A 90 años de su martirio
Pbro. Tomás de Híjar Ornelas
Cronista de la Arquidiócesis
Como es sabido, el 1º de agosto de 1926 entró en vigor un Capítulo del Código Penal Federal, injertado por el presidente de la República Plutarco Elías Calles, con el visto bueno de las cámaras de Diputados y Senadores, en el que se contemplaban penas patrimoniales y corporales en contra de quienes practicaran actos religiosos fuera de los templos. Como esa legislación, apodada ‘Ley Calles’, pretendía someter al Clero a los dicterios del Gobierno, los Obispos decidieron que, a partir de su entrada en vigor y mientras no se derogara esa Ley, en señal de protesta por la misma, los sacerdotes debían abandonar los templos y ejercer su ministerio en la clandestinidad, en franca rebeldía contra la nueva legislación que, siendo de rango federal, habilitó al Ejército para reprimir y castigar a los presuntos infractores de la misma.

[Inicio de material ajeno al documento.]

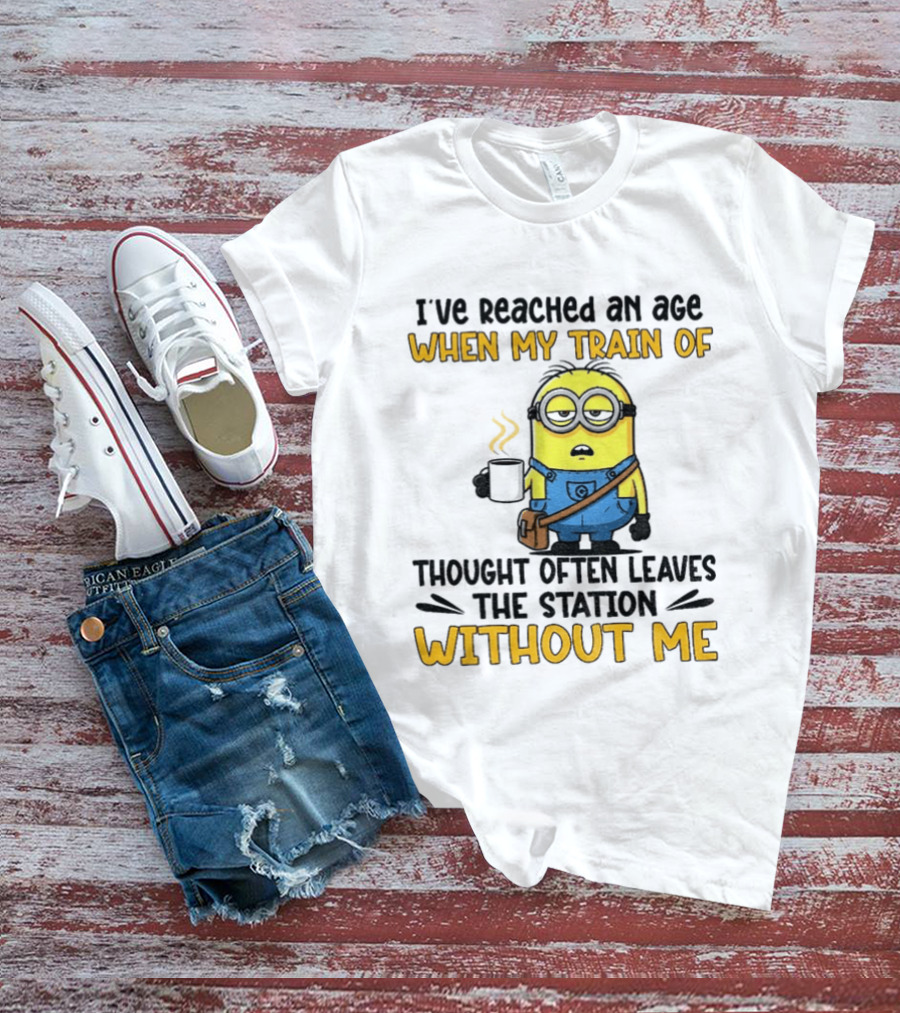 Minion I've Reached An Age Train Of Thought Without Me Coffee T-Shirt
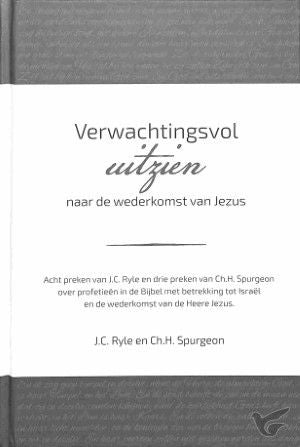Verwachtingsvol uitzien; J.C. Ryle en Ch.H. Spurgeon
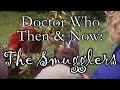 Doctor Who, Then & Now - The Smugglers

EJERCER EL MINISTERIO SAGRADO,
UN DELITO ATROZ
El brutal asesinato en Chalchihuites, Zacatecas, de un Párroco y tres fieles laicos, dispuesto por el Jefe Militar de esa Zona, Eulogio Ortiz Reyes, dio pie al inicio de la Guerra Cristera, pero sería hasta el 1º de enero de 1927 cuando oficialmente, bajo la coordinación de la Liga Nacional Defensora de la Libertad Religiosa, se instó a los católicos a empuñar las armas en contra del Gobierno callista. Ahora bien, el presidente Calles, que no deseaba sino medir sus fuerzas contra su bestia negra, el Clero, giró instrucciones para que los miembros del Ejército Federal procedieran con toda energía contra los Eclesiásticos que ejercieran su ministerio fuera de los templos.

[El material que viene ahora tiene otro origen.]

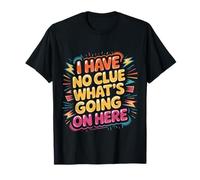 I Have No Clue What's Going on Here Confused Puns |- T-Shirt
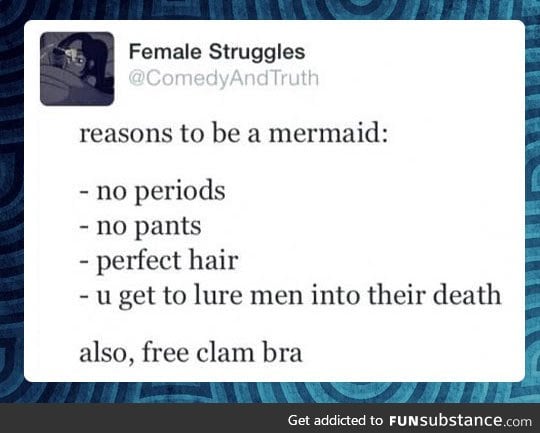Reasons to be a mermaid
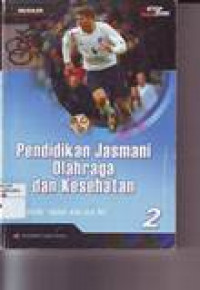 PENDIDIKAN JASMANI OLAHRAGA DAN KESEHATAN UNTUK SMA KELAS XI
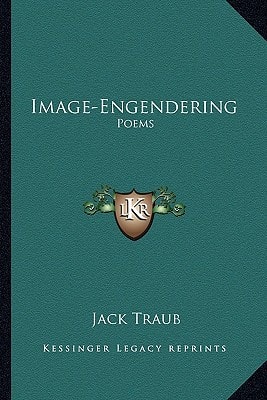 Image-Engendering: Poems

Fue lo que ocurrió al anciano Párroco de Mechoacanejo, Delegación Municipal de Teocaltiche, Jalisco, en la Diócesis de Aguascalientes, aprehendido por los soldados la tarde del 26 de marzo de 1927, cuando se encaminaba a la ranchería de El Salitre a presidir la Misa y confesar a los fieles. También arrestaron a dos jóvenes que le acompañaban: Gregorio Martínez y Gil Tejeda, testigos de su viacrucis.
EL SECRETARIO DE GUERRA
Y MARINA, JOAQUÍN AMARO,
DISPUSO SU FUSILAMIENTO
Con las manos atadas a la espalda fueron conducidos a la población de Villa Hidalgo, apenas el tiempo necesario para trasladarlos a la Ciudad de Aguascalientes, y de ésta a León, donde se encontraba el General Joaquín Amaro, quien dispuso que el presbítero fuera fusilado en San Julián, Jalisco, en respuesta a la bravía participación de sus habitantes en la resistencia activa católica.
A pie, y atado a una soga sujeta a la silla de un caballo, sin haber probado bocado los días previos, los reos fueron conducidos al patíbulo, atormentados por los insultos de los milicianos, a las órdenes de un Capitán apellidado Grajeda. Era la tarde del 30 de marzo.
Antes de ser fusilado, el Sacerdote pidió permiso para decir: ““Voy a morir inocente, porque no he hecho ningún mal. Mi delito es ser Ministro de Dios. Yo los perdono a ustedes. Sólo les ruego que no maten a los muchachos porque son inocentes, nada deben”. Ciertamente, sus deseos se cumplieron, pues sus acompañantes salvaron la vida.
Consumada su “hazaña”, los soldados tiraron el cadáver del Mártir en un basurero, de donde la piedad de los lugareños lo trasladó a una vivienda, lo veló y dio sepultura.
El presbítero Julio Álvarez Mendoza, de vida virtuosa y edificante, canonizado en el año 2000, nació en el Barrio tapatío de San José de Analco el 20 de diciembre de 1866. De muy humilde cuna, ingresó al Seminario Conciliar en 1880 y se ordenó Presbítero en 1894. Los restantes 33 años de su vida sólo tuvo un destino: la Capellanía de El Divino Salvador, de Mechoacanejo, que en 1921 fue elevada al rango de Vicaría Fija y poco después al de Parroquia, agregada en 1925 a la Diócesis de Aguascalientes. En el Templo de Mechoacanejo se veneran las reliquias de San Julio.
El primer Mártir tapatío fue el Padre David Galván Bermúdez, sacrificado 12 años antes.